Еще пару лет назад поселок мог похвастаться весьма деятельным мужским населением – от двух до трех тысяч, да и женщин было не менее дюжины. Все они несколько недель кряду лопатили здесь землю, но вместо золота нашли лишь исключительное чувство юмора у типа, который соблазнил их всех россказнями о несметных сокровищах местных недр. Проще сказать, прибыли они не извлекли никакой, если не считать морального удовлетворения: уже на третий от основания поселка день пуля из револьвера некоего выразителя общественного мнения поставила джентльмена, который заварил всю эту кашу, что называется, над критикой. Впрочем, далеко не все тут же и разочаровались в поисках, многие долго еще копались в Харди-Гарди и окрест. Но со временем разъехались и они.
После них много чего осталось. По обоим берегам Индейского ручья, от каньона, в котором он берет начало и до того места, где впадает в реку Сан-Хуан Смит, тянулись ряды заброшенных лачуг.
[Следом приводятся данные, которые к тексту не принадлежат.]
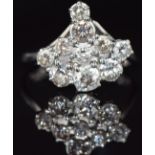 An 18ct white gold ring set with a cluster of old cut diamonds, largest 0.28ct, 4.6g, size N
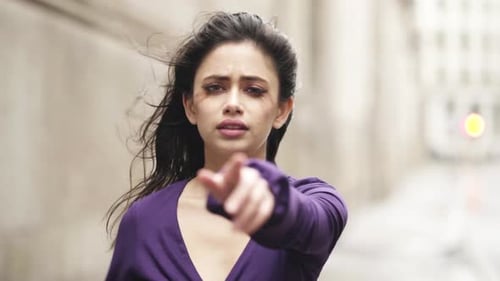 Young Woman Points Toward Camera in City
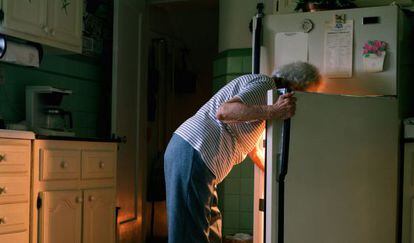Una mujer mayor mira en la nevera de su casa.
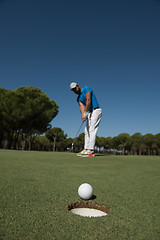 Image showing golf player hitting shot, ball on edge of hole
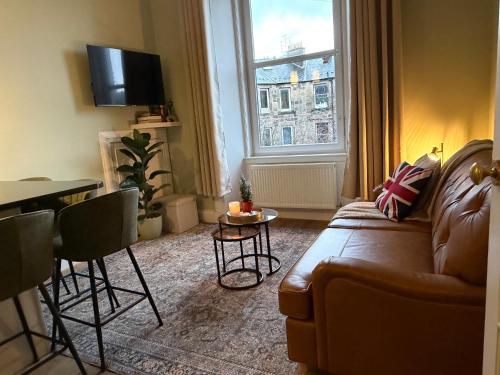 a living room with a couch and a table and a window at Murrayfield Spacious 2-bedroom apartment in Edinburgh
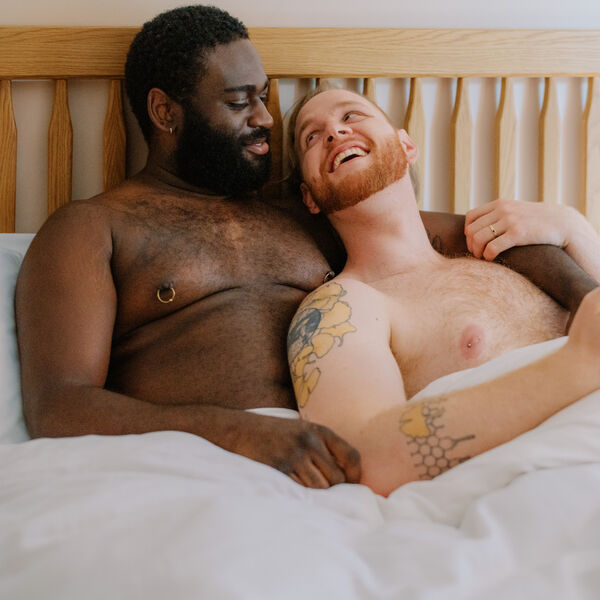 A queer couple uses a phone in bed together (Source: Building Healthy Online Communities Photo Collective)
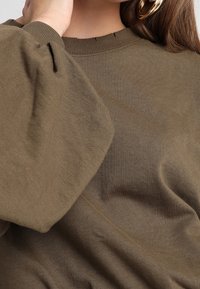 Suéter verde oliva de corte relajado, con cuello acanalado y mangas voluminosas. La tela parece suave y texturizada.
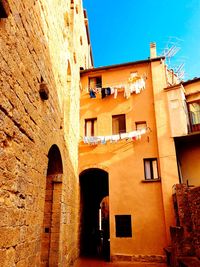 Low angle view of buildings against sky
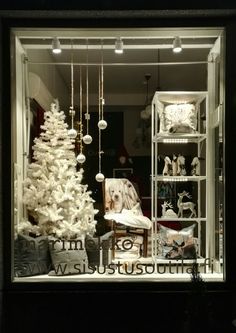 a white christmas tree sitting inside of a window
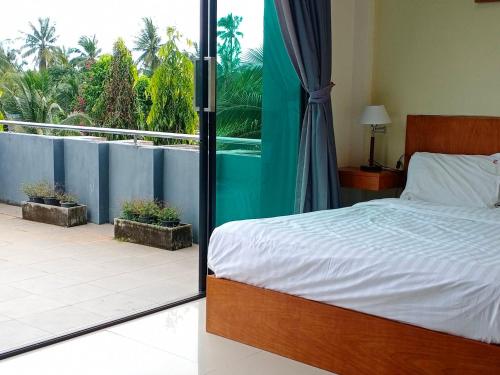 a bedroom with a bed and a view of a balcony at Sj House Hotel Aonang in Ban Khlong Haeng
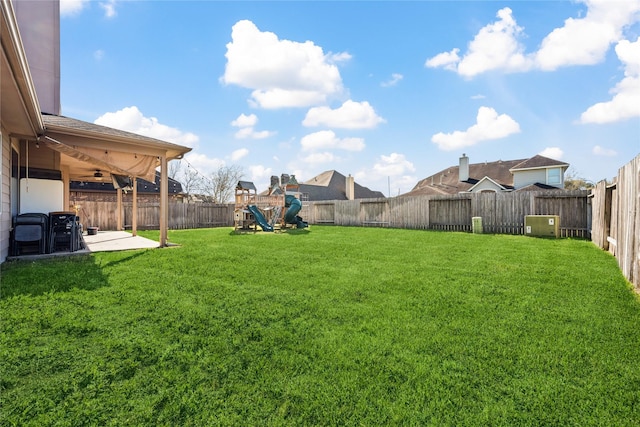 view of yard featuring a patio, a fenced backyard, and a playground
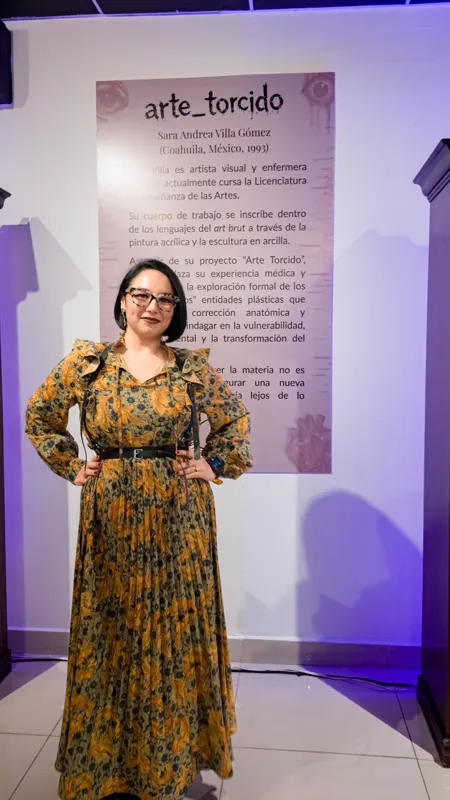 Sara Villa, de vestido largo estampado, frente al panel de sala con su semblanza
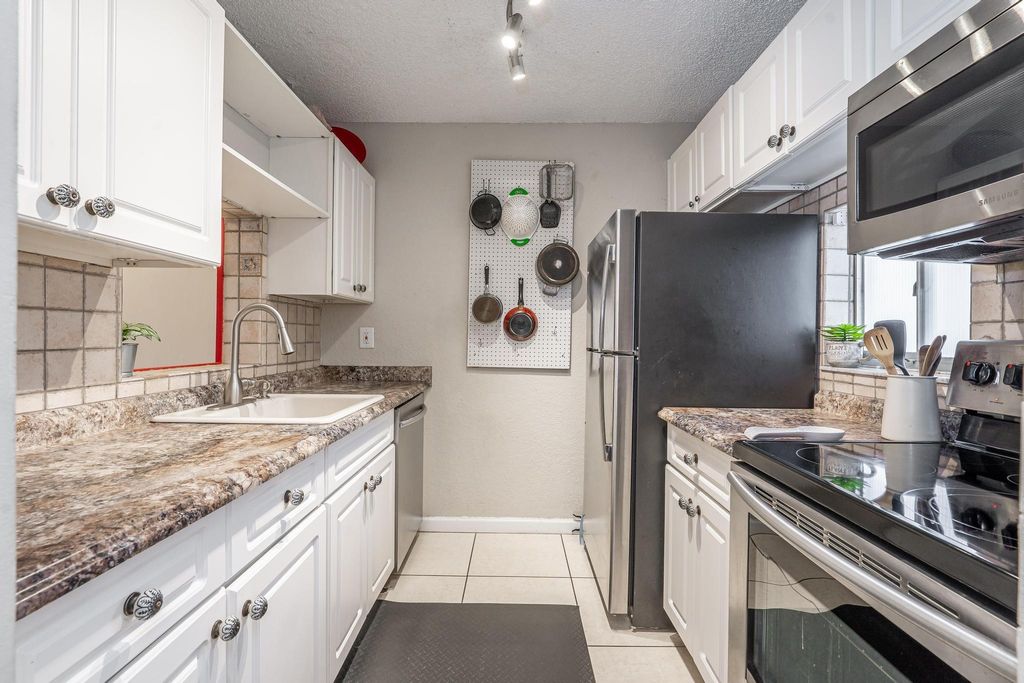 Photo of 7860 NW 50th St #307, Lauderhill, FL 33351 (MLS # F10511475)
Казалось, они вот-вот падут друг другу в объятья и начнут горестно рыдать над своей участью. На откосах тоже хватало строений такого рода; похоже было, что они специально забрались туда, да еще и нагнулись, пытаясь разглядеть все подробности этой душераздирающей сцены. Большая часть этих обиталищ уже обратилась в скелеты, словно после изнурительного голодания; на этих остовах кое-где болтались мерзкие клочья, но то была не кожа, а брезент. Вся земля в окрестностях Индейского ручья была исковеркана лопатами и заступами, да и промывочные желоба на суковатых столбах ее отнюдь не украшали. Говоря коротко, весь поселок являл картину запустенья, довольно характерную для молодых стран, где такого рода пейзажи служат заменой древним руинам, величественным и живописным. Чудом уцелевшие кое-где островки нетронутой земли сплошь поросли сорняками и куманикой, и всякий, кому это интересно, мог обрести в этих гнилых зарослях немало раритетов недавних времен: овдовевший сапог, уже тронутый зеленой плесенью, бесформенную фетровую шляпу, фланелевые лоскутья, в которых еще можно было узнать рубаху, жестоко искалеченные банки из-под сардин и несметное число черных бутылок, в которых некогда плескался ром, – казалось, их разбросала по всему поселку десница щедрого сеятеля.